I recently went on, what most would call, a date.
I hesitantly call it a date, not because it wasn't fun, quite the contrary. I’m just not really into putting labels on things. I call a fun evening what many categorize as a date.
(Read the previous sentence aloud in your best Billy Bob Thornton voice from Slingblade).
Before anyone preemptively lunges toward me, tossing “Non-committal, Mommy Issues” in my general direction, please allow me to clarify.
There’s a certain awkwardness associated with formal attachments.
Example: We need you to speak at a “forum” tomorrow morning.
Forum?? That sounds pretty intense. Images of grumpy elders flash through my head by hearing the very word “forum.” I'm visualizing mean men, staring at me judgmentally, waiting for me to screw up!

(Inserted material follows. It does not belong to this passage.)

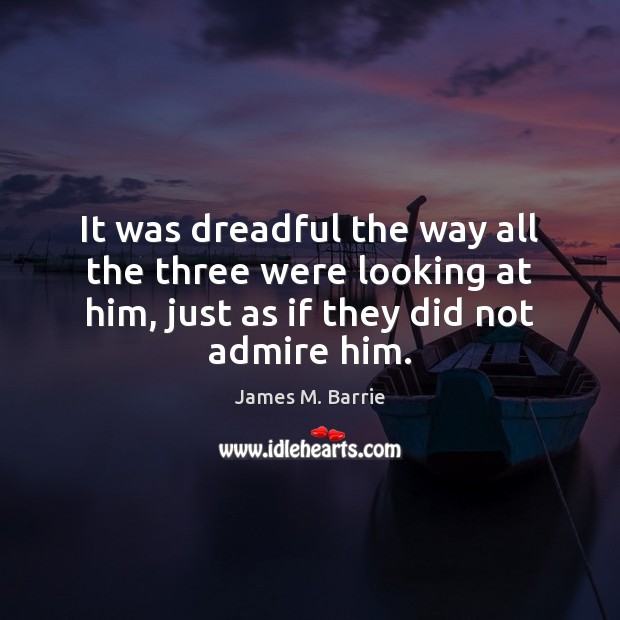 It was dreadful the way all the three were looking at him, James M. Barrie Picture Quote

With it being a forum and all, these people must be pretty serious. I’ll bet I’m standing over a trap door and, as soon as I utter something that angers Jabba the Hut, I’m going to immediately be dropped into a pit with a three headed monster who is sleep and food deprived.
A monster who is angry and hungry, like my obese 6th grade teacher; I’ll become an appetizer (mainly because I weigh about 150) and then Mrs. Watson...I mean, the angry beast, will take his nap and wait for the next dunce who makes his verbal misstep above ground.

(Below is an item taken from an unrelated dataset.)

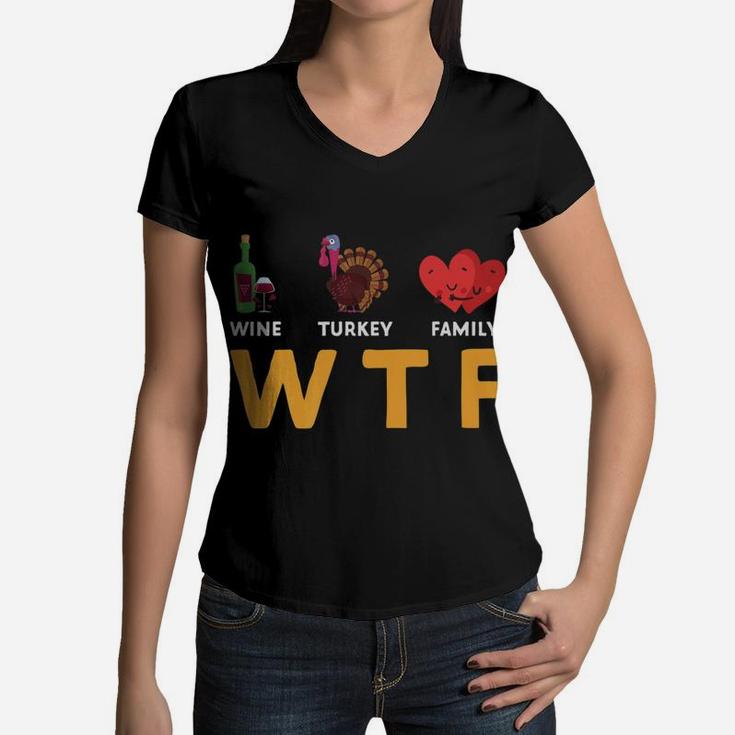 Funny Thanksgiving Party Gift Wine Turkey Family Women V-Neck T-Shirt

Allow me to demystify the word forum:
A forum is typically comprised of an audience and a panel, most of which want to be somewhere else. Except for one or two sycophants with way too much time on their hands. The guys who regularly inform the boss that employees are taking long breaks, having sex with the receptionist, smoking weed, doing the aforementioned simultaneously in the employee bathroom ON their breaks, etc .
It’s a meeting, usually a gripe session.
In talking with friends, I found that many others feel the same about attaching such stigmatic titles to things, especially "Dating.” Call it what you will, but it boils down to either good or bad conversation; You either enjoy the company or you don’t.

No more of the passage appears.